The Ritz, by the way, which opened in 1928, is a success story like the Valentine. Like many small-town movie houses, the Ritz's days were numbered not too long ago. But the Ritz was saved and renovated in 1998 to nearly its original condition. Today it presents live entertainment by nationally known acts and - in keeping with its roots - Sunday afternoon movie matinees. Not bad for a town of 18,000.

But when I retired in the summer of 2007, few in Tiffin were swept up by nostalgia for the county courthouse. Restoration was just not affordable, the commission majority kept saying. Soon after, around Labor Day, I began writing this bi-weekly column for The Blade, and my second piece talked about the short-sightedness of the commissioners and their willingness to sacrifice such an important part of their community.

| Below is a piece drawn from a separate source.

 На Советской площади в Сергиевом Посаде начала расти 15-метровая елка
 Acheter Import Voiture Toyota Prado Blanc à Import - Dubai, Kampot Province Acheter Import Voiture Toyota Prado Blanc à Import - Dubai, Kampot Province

That piece ran Sept. 17, 2007, almost exactly two years ago. More frustrating 2-1 votes followed. An $8.5 million bond issue to pay for the courthouse restoration was rejected by the voters in March, 2008, a disappointment at the time.

Turns out the past was merely prologue. At last, there is good news in Tiffin: The community will keep its courthouse and at far less public expense.

Once renovated, the building will surely be around a lot longer than its replacement would have been. Bill Lantz, a design engineer in Columbus, writing in a midsummer report that helped the commissioners change their minds, offered this structural analysis of the courthouse: "The building is sound and ready to provide service for another 200 years."

Does anybody think the box that would have replaced it would have endured more than 50?

Also, the clock tower's original design will be restored and the four-story rotunda will be exposed to public view for the first time in six decades.

The euphoria is tempered somewhat because the $7.99 million restoration project comes with two remaining challenges: The state of Ohio must honor an earlier pledge of up to $2 million, and the Seneca County Courthouse and Downtown Redevelopment Group must raise $1.45 million from private sources. Both Gov. Ted Strickland and Franklin Conaway, who leads the redevelopment group, need to make good on those commitments and help reduce what the county must borrow.

I'm betting they will. This is a project that has been kicking around too long. It needs to move forward. County courthouses are in the center of the business district for a reason: they are the heart of the community.

There's an ancillary benefit for Tiffin in all this. Other downtown redevelopment projects, which have been sitting on their planners' desks while the fate of the courthouse was determined, can begin to move ahead themselves. Perhaps Tiffin can now stand as a model for other small towns with an aging core.

Elijah E. Myers was a master of the Beaux Arts style, named for the Ecole Des Beaux-Arts architectural school in Paris. He also designed the state capitols in Michigan, Texas, Colorado, and Idaho, and many other public buildings nationwide.

In a sense, maybe Tiffin's delay was fitting. Mr. Myers died in 1909. Exactly 100 years later, one of his grandest structures gets new life.

What a symbolic affirmation of a noble idea: preserving the past in the service of the future.

Thomas Walton is retired editor and vice president of The Blade. His column appears every other Monday.